In our country political demagoguery may eventually be absorbed in platforms of one of the major political parties. In most European countries electoral systems allow fringe movements to organize their support in to political parties with real power. Today in Europe proto-Fascist parties that are anti-Islam, anti-Semitic, and anti-European Union have already become the second or third largest parties in a belt of formerly liberal societies that runs from Norway and Finland  to The Netherlands and France. In Hungary, where the nationalist Fidesz Party already governs, Jobbik, the more extreme and most obvious neo-Nazi party in Europe continues to gain in strength. Prime Minister Viktor Oban , already referred to as a dictator and the "Donald Trump of Europe," continues his movement to the extreme  right in an effort to thwart Jobbik's ascendance. In Poland a new right wing populist government controlled by the "Law and Justice Party" recently took steps to cancel previous appointments of judges to its Constitutional Tribunal, which rules on all legislation. In France Marine Le Pen's Nationalist Front took 30% of the vote in recent regional elections, positioning herself well for an anticipated challenge  in the upcoming 2017 presidential elections. It took collaboration between President Hollande's Socialists and past President Sarkozy's center-right "Les Republicains" to keep her from dominating the election.

The point is that the world is a dangerous place today, but our reaction to the dangers that seem to be lurking around every corner is potentially as dangerous as what we are trying to protect ourselves from. What we may now look at as political theater fed by powerful demagoguery can quickly deteriorate into mass hysteria and morph ideas into political power and control over public resources. While we yearn for a rebirth of traditional values, we tend to lose track of our core values. Witness Europe where ideas similar to those expressed by Donald Trump ultimately developed into political parties with real power running on platforms specifying desires to expel their Muslim population, register Jews and Muslims alike, stop the flow of refugees, reverse the influence of the European Union and its Parliament (one-third of which  now consists of far-right ant-E.U. representatives), restrict democratic values, and essentially reverted to the situation after the Weimar Republic in 1933 Germany. The Nazis who took over never won an election. However, their demagoguery acquired the support that eventually led us to World War II and the deaths of over 60 million people.

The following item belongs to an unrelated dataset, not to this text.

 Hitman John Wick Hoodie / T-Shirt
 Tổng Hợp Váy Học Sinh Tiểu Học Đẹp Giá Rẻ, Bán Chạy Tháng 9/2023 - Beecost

Political bluster and grandstanding can produce outcomes we don't imagine, and over which we could easily lose control. If you think that that can't happen here, just remember: we used to ostracize Catholics, we shamelessly allowed anti-semitism to fester and sent thousands of would-be Jewish immigrants back to Germany where most were exterminated, we interred our Japanese citizens, and if we follow Donald Trump's suggestions we will soon make life for our Muslim citizens a living hell.

Hitler's brown shirts were not very educated. They were storm troopers. When he released them  during the night of November 9, 1938 to execute a coordinated attack on Jews throughout Germany - during what was later dubbed as "Kristallnacht" - he destroyed the lives of millions of people and set the stage for what would become his "final solution." When I observed the raucous standing ovation Trump received in South Carolina when he announced his proposal I could not help but feel that he could have asked these people to do anything he wanted, and they would have complied. As we read this mosques are being firebombed,people are attacked, knifed and killed, businesses are being defaced and destroyed, and patriotic Americans are having their lives ruined.

My parents were living 300 miles from the center of activity in Germany in 1938. They were helpless to do anything about it, but they suffered the eventual consequences when my grandfather was enslaved and ultimately killed by the Nazis. We still have a choice. We need to use it, or we may wake up one morning regretting we didn't.